M recently turned 3 and demanded a
rocket cake. My mother made the cake and I made a rocket (in the car en route
to the party) which P devised to stand above the cake so that we could launch M
into three. M appreciated the countdown and decided the chocolate stained
cardboard rocket, which had his name and an astronaut drawn inside it, was his
favourite birthday present.
M has slowly been easing out of an
admittedly imaginative expletive habit. When he realized he would be in “calm
down time” every time he swore, he started to defend himself by stating that it
was not him, but rather his toys that were the foul-mouthed culprits. I decided
to put his toys into time-out. M became distressed at this as it worked just as
effectively as putting him in time-out, as he was prevented from playing with
his toys. It only took one lesson however for M to change his tactic and place
me in a pickle. The next time he swore, he explained, with an exploding smile
and to his brother’s chagrin, that it was his brother’s toys that needed
time-out for their foul mouths. I stunted M’s ebullient grin in anticipation of
his double victory, by informing him that his brother’s toys must have heard M
swear too much so that he was not to share his brother’s toys. This seemed to
do the trick as M’s swearing has dissipated (and thank God it’s still in
Serbian so no one in preschool can understand).

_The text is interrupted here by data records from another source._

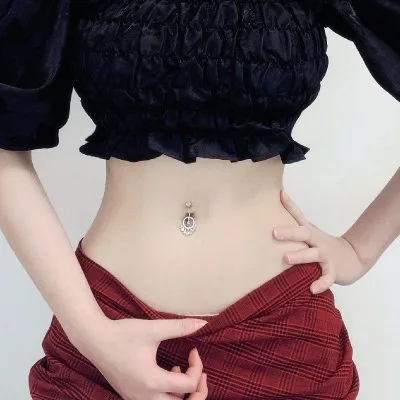 Khuyên Rốn Bụng Bạc Nữ đính đá CZ Giọt Nước LILI 496643 10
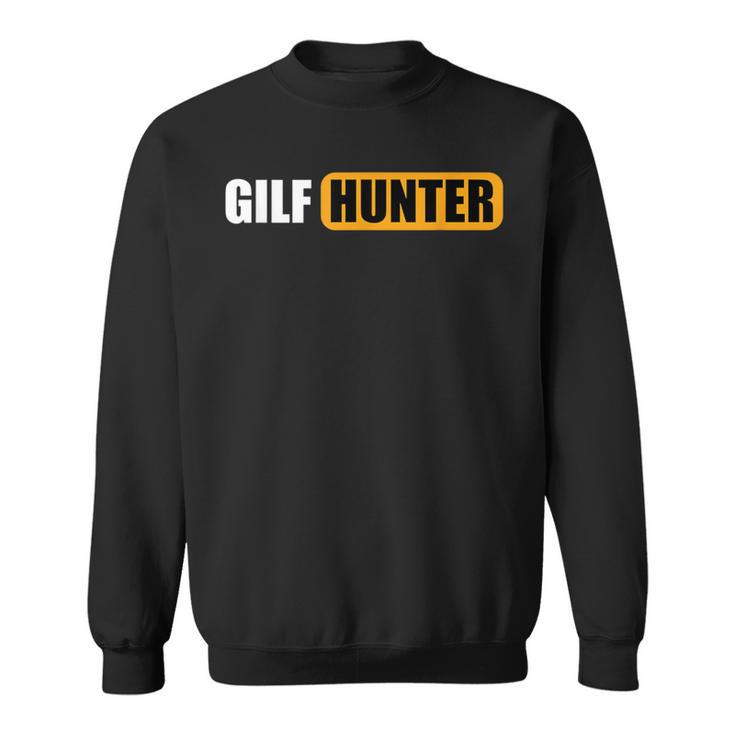 GILF Hunter Schwarzes Sweatshirt, Lustiges Design in Gelb und Weiß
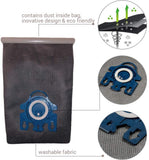 Vacuum Cleaner Accessories: Reusable Vacuum Cloth Bags for Miele GN & FJM Vacuum Cleaners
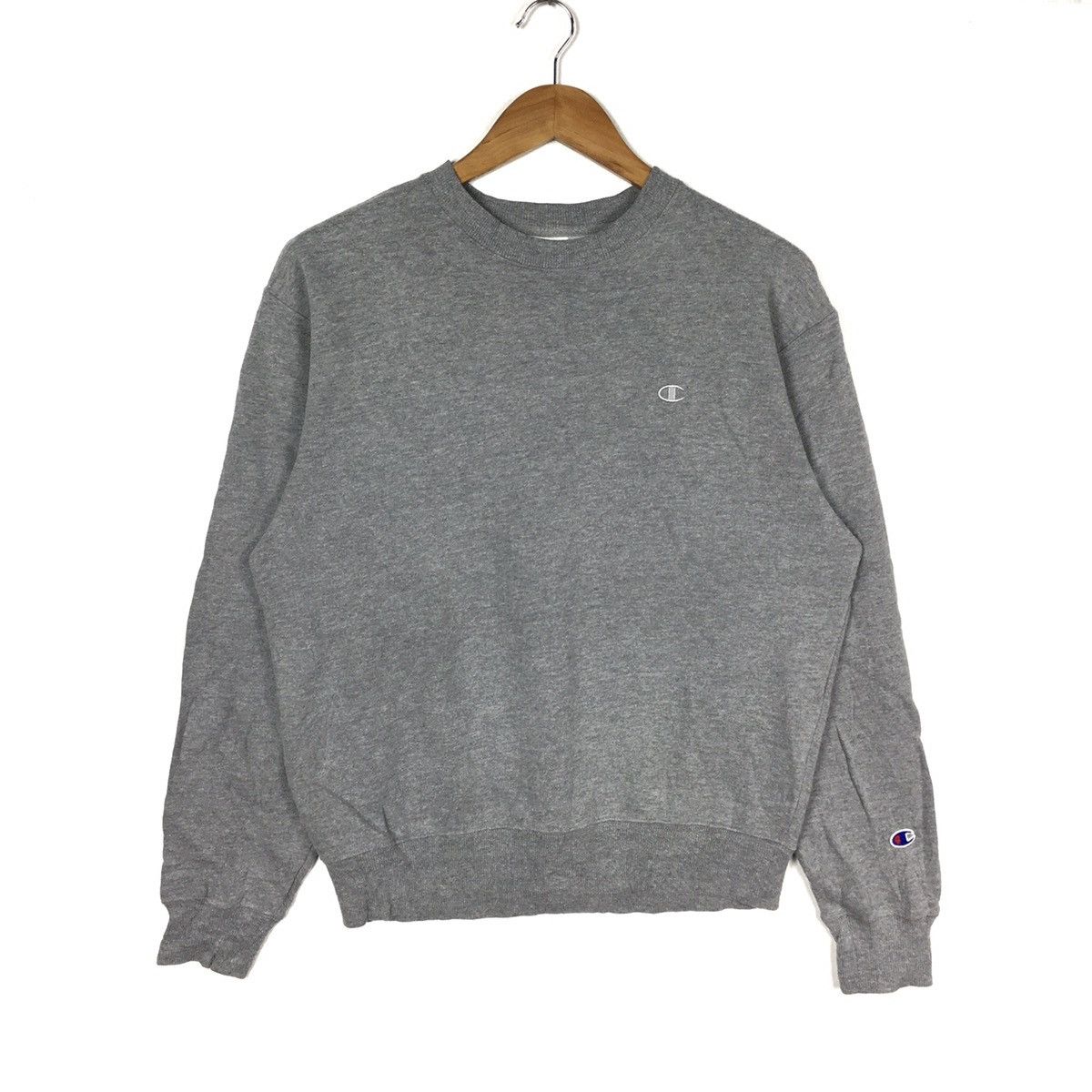 Champion CHAMPION Small Logo Sportswear Grey Sweatshirt Size US M / EU 48-50 / 2 - 1 Thumbnail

We like to boogie in our household.
Every so often, we have a pajama party and put on tunes after bath time. The
other week I decided that L was ready for his first choreography which
consisted of a single eight count. I inserted a clap between moves and had him
move the opposite leg to the opposite arm. In about twenty minutes, L had got
the choreography, which I thought was not only a good physical exercise but a
fantastic mental exercise. Moving appendages concomitantly in different
directions to a beat and remembering the routine over and over flexes a
different part of your brain. Unfortunately, M became embittered because he
could not follow. I have to be more careful in how I teach L to do things that
M is not yet ready to do in front of M because M suffers, not understanding the
developmental difference between him and his brother. M peers over at tasks that
his brother can do far quicker and better, loses patience with what he perceives
is his frailty and then aggressively attempts to trump his brother’s success
with a titanic tantrum that takes our attention away from L. He’s also been
furiously correcting people that term him L’s “little brother”, exclaiming that
he is not “little”. We have learnt that we have to separate L and M when L is attending
to tasks that they cannot do together so that M’s confidence does not falter.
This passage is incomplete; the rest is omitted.